The giant moray eel is normally a lone hunter in the dark. Now scientists find these eels may at times hunt in the daytime in the Red Sea, and surprisingly cooperate with another predatory fish, the grouper, which is also normally a solitary predator.
This is the first example of coordinated hunting seen in fish, and the first known instance of cooperative hunting between species seen outside humans, researchers said.
The giant moray eel is as thick as a man's thigh and can grow up to nearly 10 feet long. It normally lurks through crevices in coral reefs at night to corner victims in their holes, meaning the best way to avoid these hunters is to swim into open water. On the other hand, groupers normally hunt in the open water during the day, meaning the best way to avoid them is to hide in coral reefs.
Behavioral ecologist Redouan Bshary from the University of Neuchâtel in Switzerland was following groupers to collect information on so-called "cleaner fish" that enter the mouth of predators to eat parasites.
"When I first saw a grouper shaking its head in the face of a moray, I thought two top predators were about to fight each other," Bshary said. "So I was very surprised when they swam off together side by side."
Bshary and his colleagues followed fish around by snorkeling. They found groupers often visited giant morays resting in their crevices and rapidly shook their heads an inch or so from the eels to recruit them in a joint hunt. At times this call took place after a grouper failed in its hunt because prey escaped into a crevice the grouper could not get into but a giant moray might.

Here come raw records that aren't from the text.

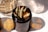 A glass jar holds several rolled items resembling small paper tubes. The jar has a dark amber hue, and sunlight creates intricate patterns on a white surface beside it. Another similar object is partially visible in the background, reflecting the light.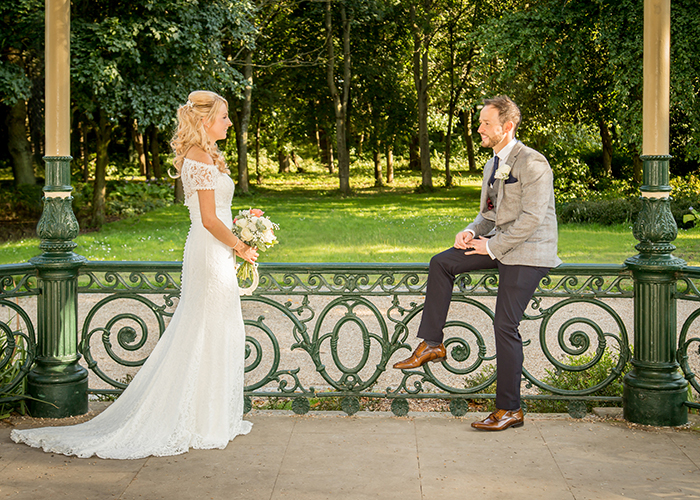 bride and groom in bandstand
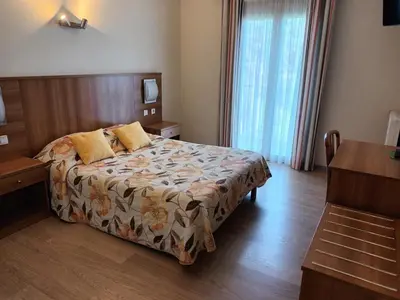 a hotel room with a bed and a desk at Hotel de La Paix in Corte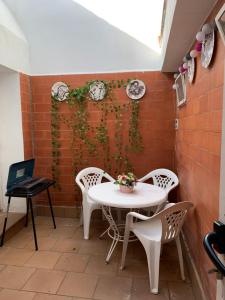 a table and chairs in front of a brick wall at CASA la PAU in Vilassar de Mar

If the moray emerged, the grouper guided the eel to a crevice where prey was hiding. Groupers sometimes even performed a headstand and shook its head over a prey hiding place to attract moray eels to the site. At times the moray ate the fish it rooted out, while at other times the grouper did.
Before this, coordinated hunting was only seen in mammals and birds. In addition, until now the only other examples of cooperative hunting between species were seen with humans and dogs or humans and dolphins, Bshary said.
The researchers are uncertain whether this cooperation is an innate or learned behavior, although currently Bshary suspects it is learned because there is considerable variation in levels of it between individuals, especially in morays, "which may reflect personal experience." They plan to study whether this cooperation is local to the area they studied or whether it is widespread in the Red Sea.
"The most important implication is that there are still so many surprises to be discovered in coral reefs," Bshary said.
Bshary and his colleagues reported their findings in the December issue of the journal Public Library of Science Biology.